[Opening Records for this task section]
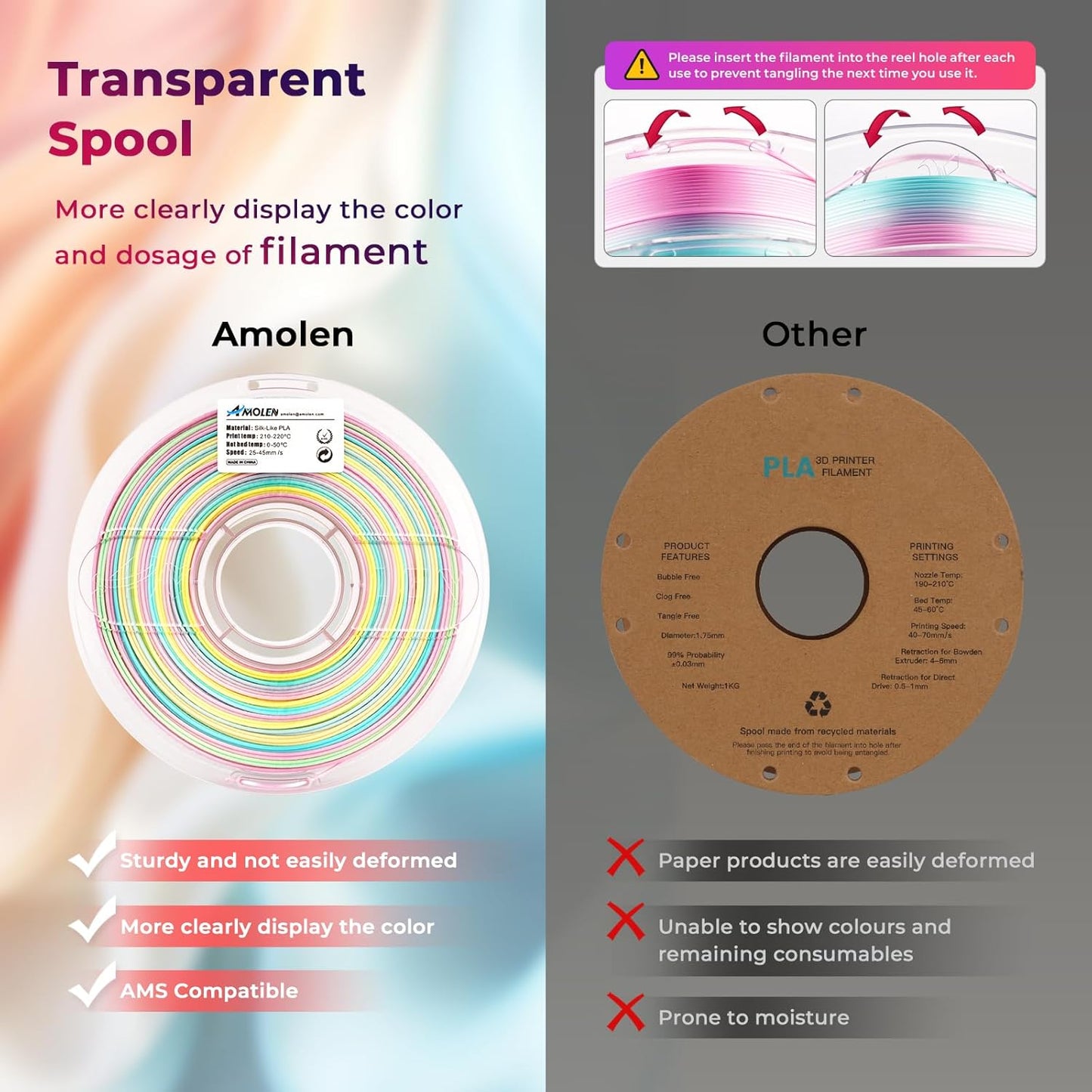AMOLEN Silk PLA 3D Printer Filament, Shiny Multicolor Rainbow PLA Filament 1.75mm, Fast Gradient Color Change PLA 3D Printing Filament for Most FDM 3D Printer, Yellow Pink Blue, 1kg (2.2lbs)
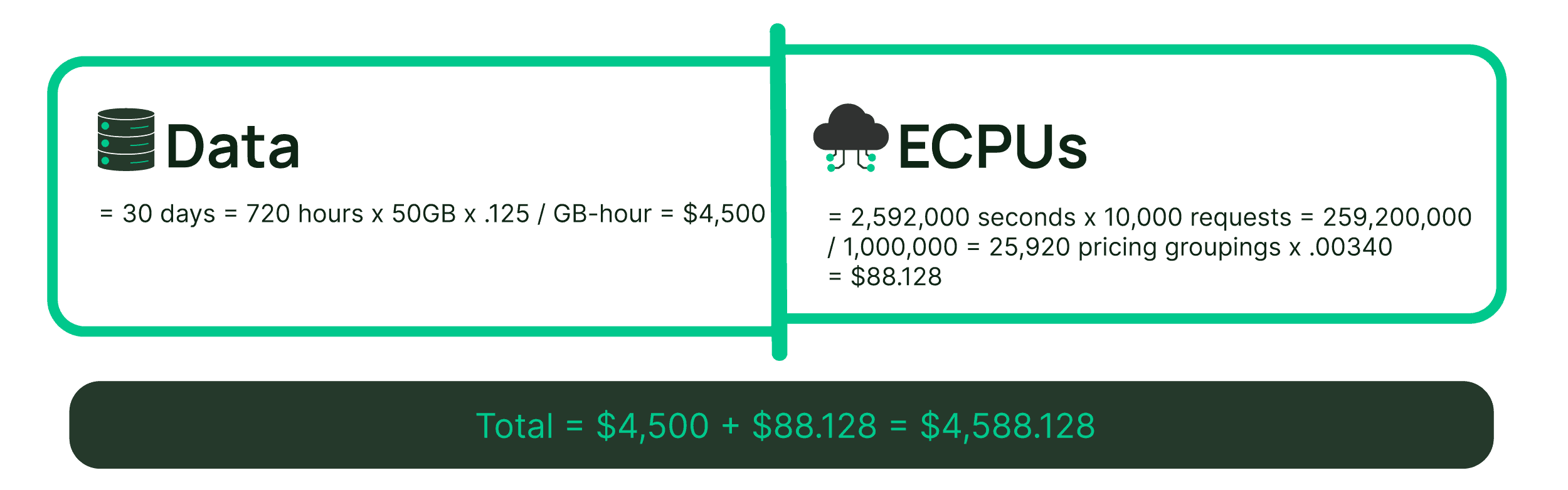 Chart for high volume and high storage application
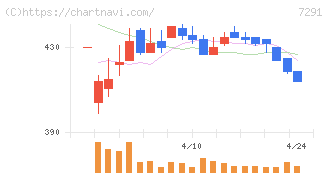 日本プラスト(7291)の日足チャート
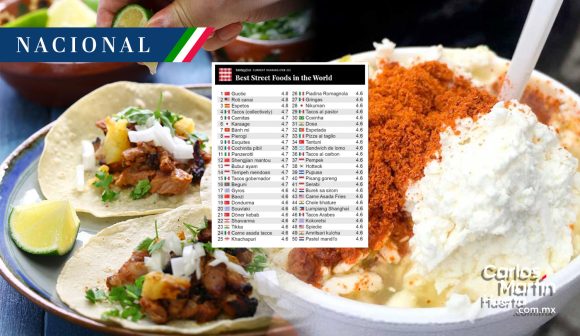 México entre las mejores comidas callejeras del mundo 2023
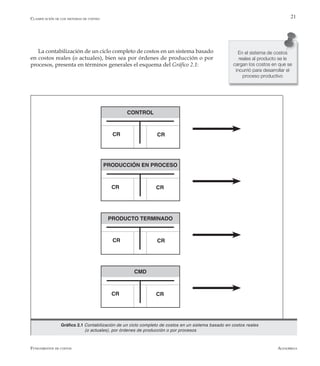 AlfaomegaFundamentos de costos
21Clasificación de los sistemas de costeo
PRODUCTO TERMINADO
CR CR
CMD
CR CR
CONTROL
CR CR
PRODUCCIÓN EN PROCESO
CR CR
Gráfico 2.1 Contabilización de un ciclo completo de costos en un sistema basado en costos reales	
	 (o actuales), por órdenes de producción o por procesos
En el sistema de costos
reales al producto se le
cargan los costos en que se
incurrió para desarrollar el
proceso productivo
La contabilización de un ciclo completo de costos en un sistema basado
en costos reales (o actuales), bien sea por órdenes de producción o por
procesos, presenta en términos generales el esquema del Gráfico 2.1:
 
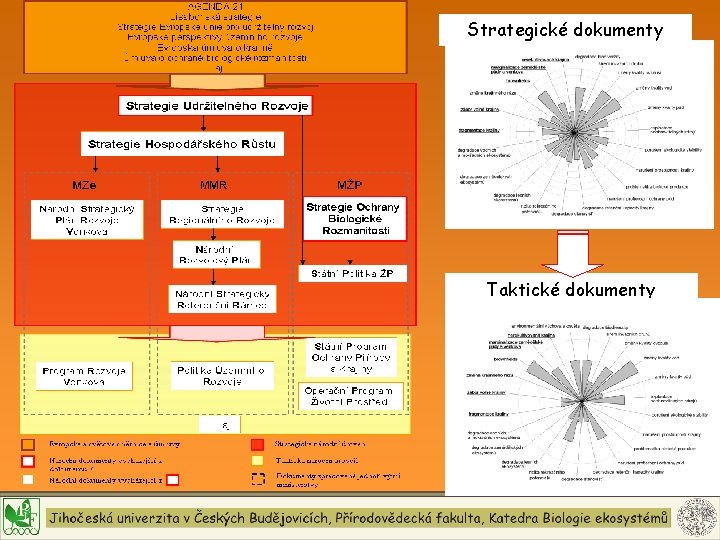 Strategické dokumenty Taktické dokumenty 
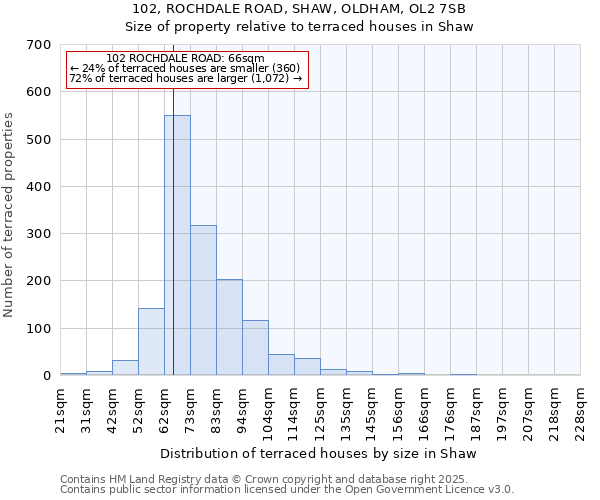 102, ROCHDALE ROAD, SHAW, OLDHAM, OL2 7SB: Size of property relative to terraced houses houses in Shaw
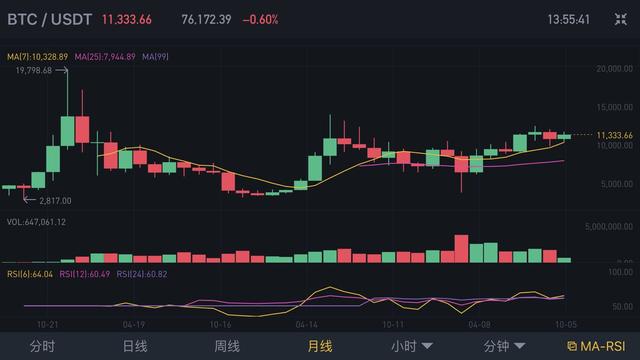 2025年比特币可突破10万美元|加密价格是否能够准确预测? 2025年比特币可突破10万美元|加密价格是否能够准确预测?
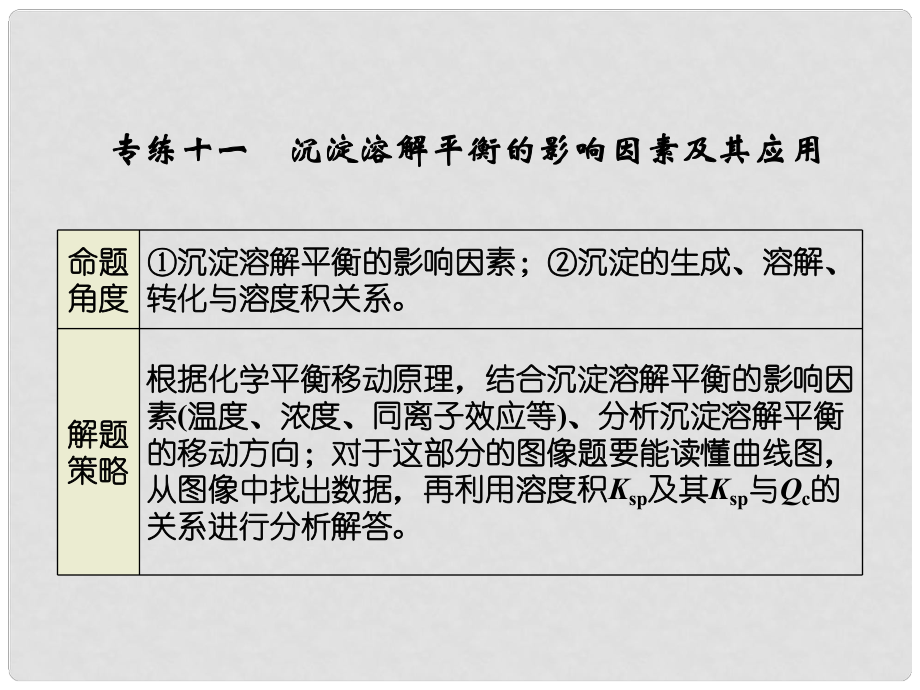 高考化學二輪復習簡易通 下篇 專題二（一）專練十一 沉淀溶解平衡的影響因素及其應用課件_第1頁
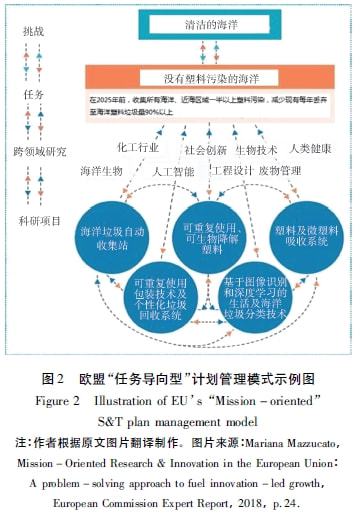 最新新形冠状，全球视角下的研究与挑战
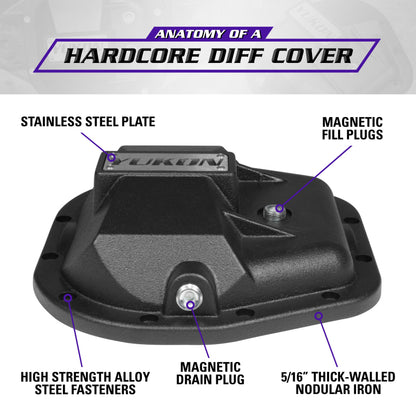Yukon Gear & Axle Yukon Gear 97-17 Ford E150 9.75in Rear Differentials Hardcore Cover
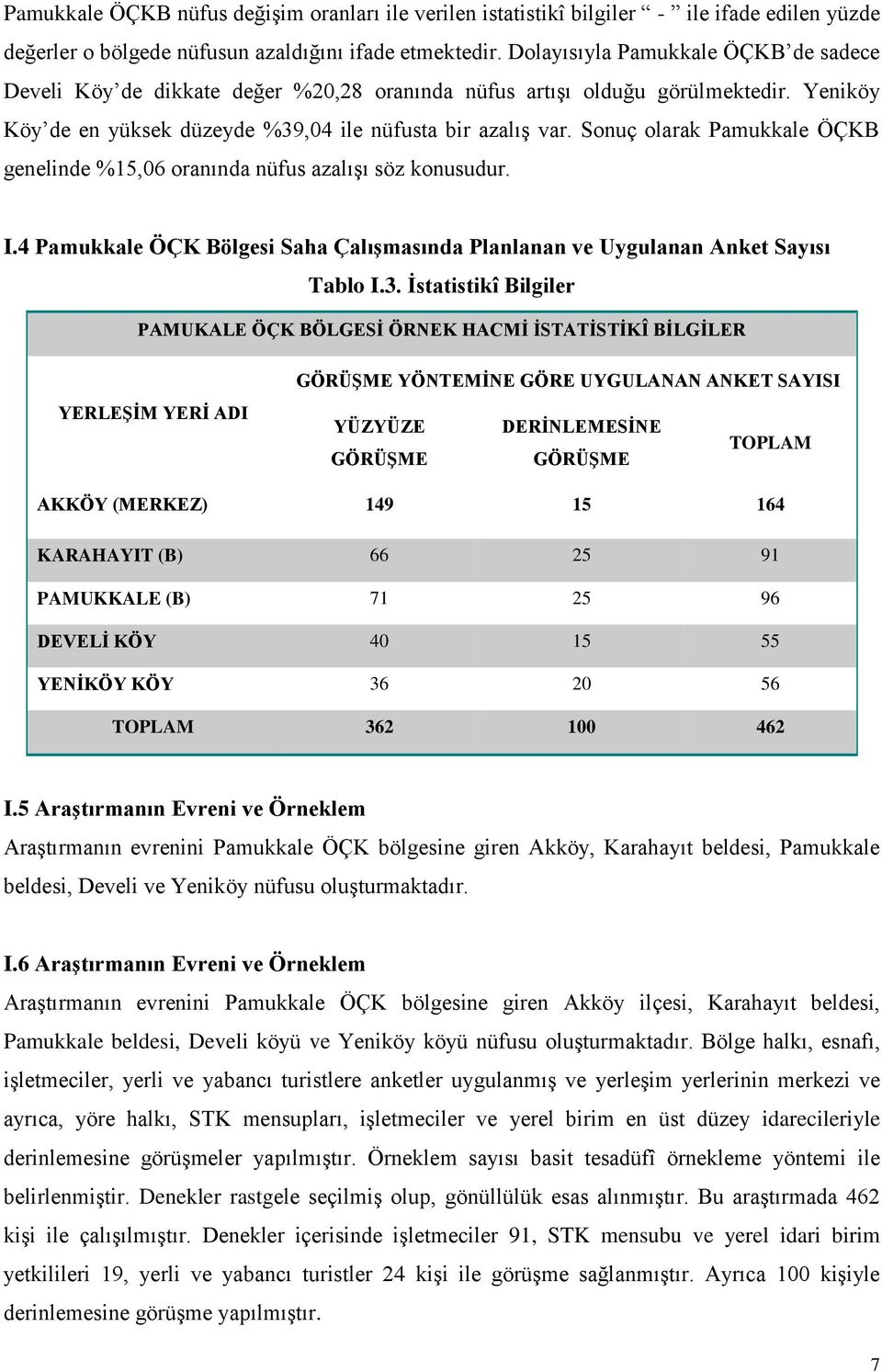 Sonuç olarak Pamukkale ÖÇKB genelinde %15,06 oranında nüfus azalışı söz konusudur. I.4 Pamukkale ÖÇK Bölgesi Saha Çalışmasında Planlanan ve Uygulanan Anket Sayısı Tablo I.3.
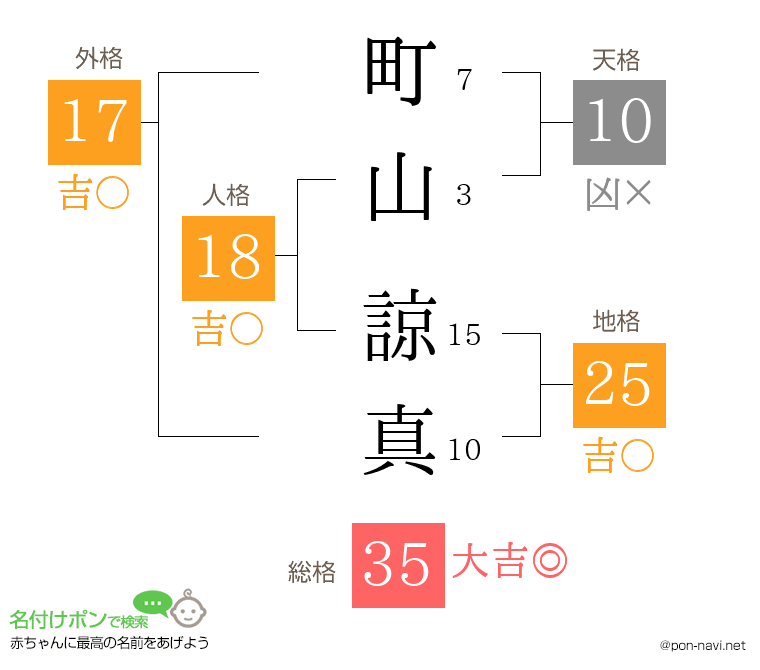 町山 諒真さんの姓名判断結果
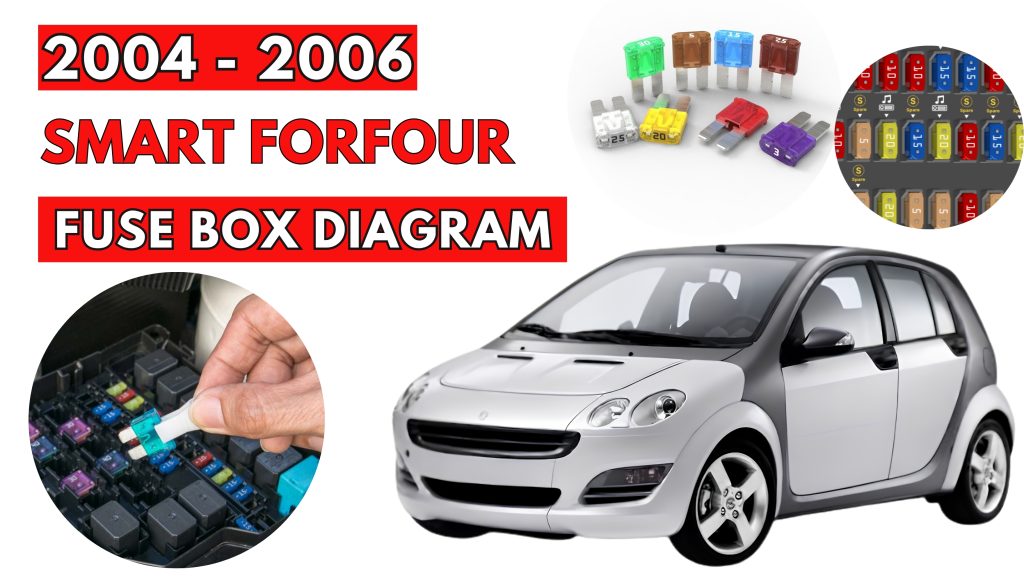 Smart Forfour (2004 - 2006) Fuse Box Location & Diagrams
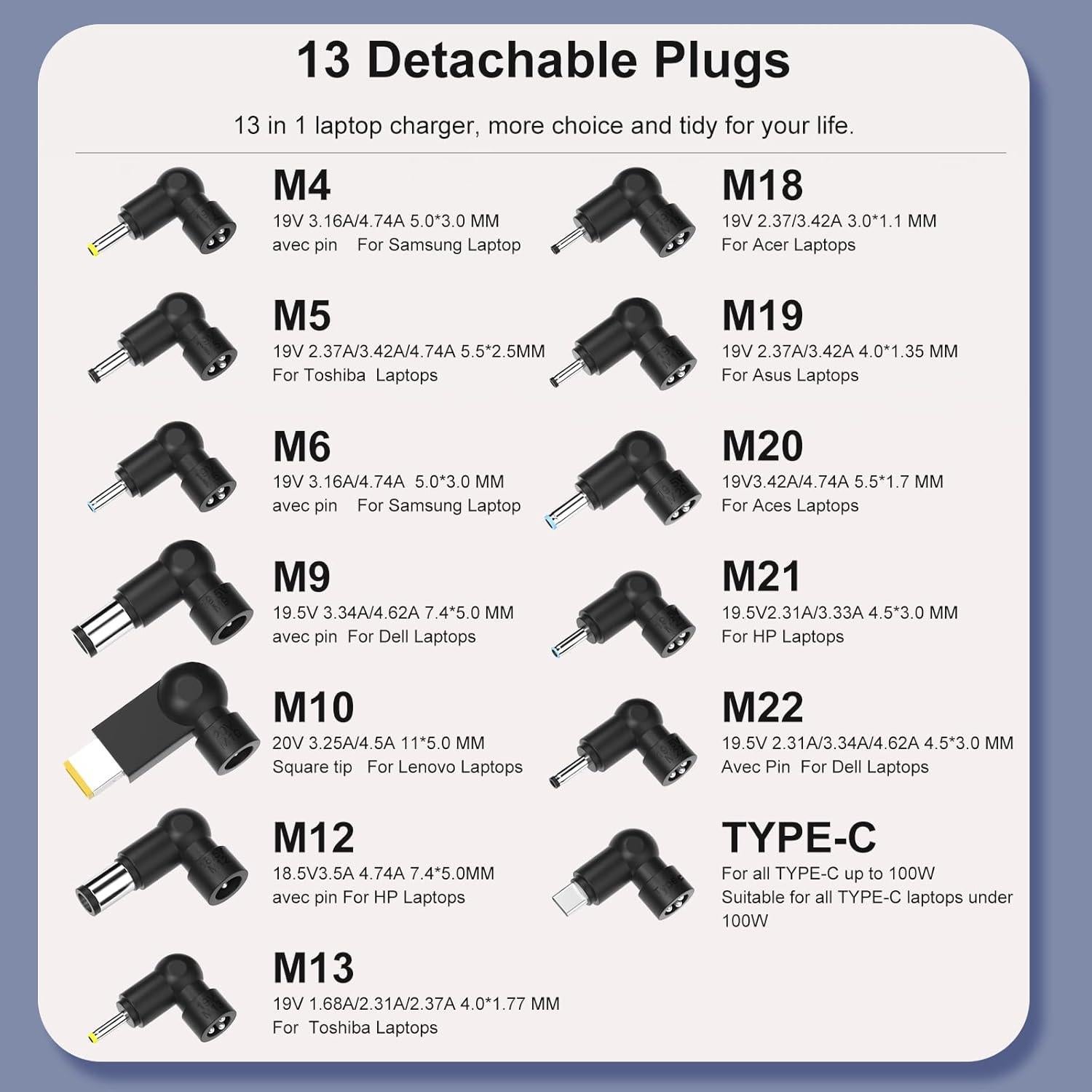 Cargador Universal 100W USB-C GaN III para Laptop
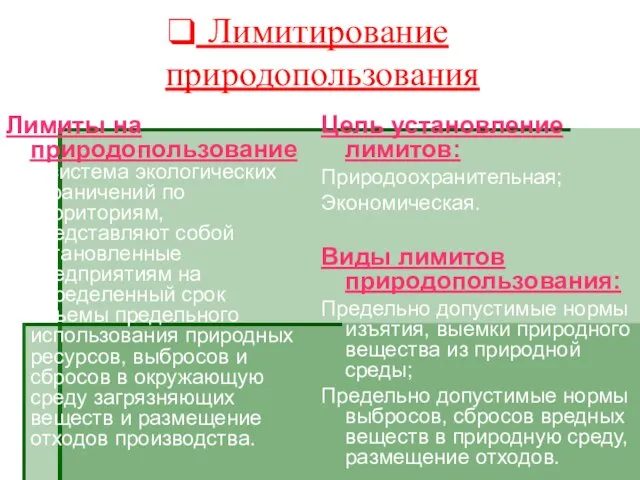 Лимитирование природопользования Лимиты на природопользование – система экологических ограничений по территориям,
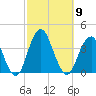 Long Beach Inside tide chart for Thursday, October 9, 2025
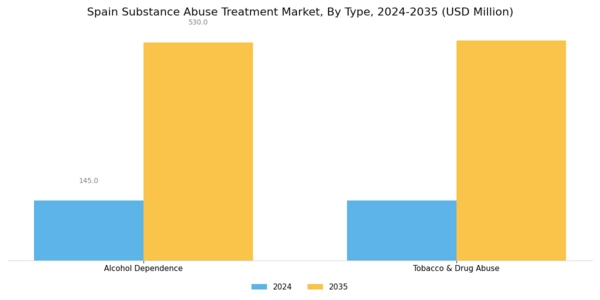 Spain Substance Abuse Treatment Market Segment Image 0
[Closing Records for this task section]
I would like the exact lines from the data above, starting with the one that holds "Strategické dokumenty Taktické dokumenty" and going on through the one that holds "2025年比特币可突破10万美元|加密价格是否能够准确预测? 2025年比特币可突破10万美元|加密价格是否能够准确预测?", without the pictures.

- [Solution to this exercise]:
 Strategické dokumenty Taktické dokumenty 
 102, ROCHDALE ROAD, SHAW, OLDHAM, OL2 7SB: Size of property relative to terraced houses houses in Shaw
 2025年比特币可突破10万美元|加密价格是否能够准确预测? 2025年比特币可突破10万美元|加密价格是否能够准确预测?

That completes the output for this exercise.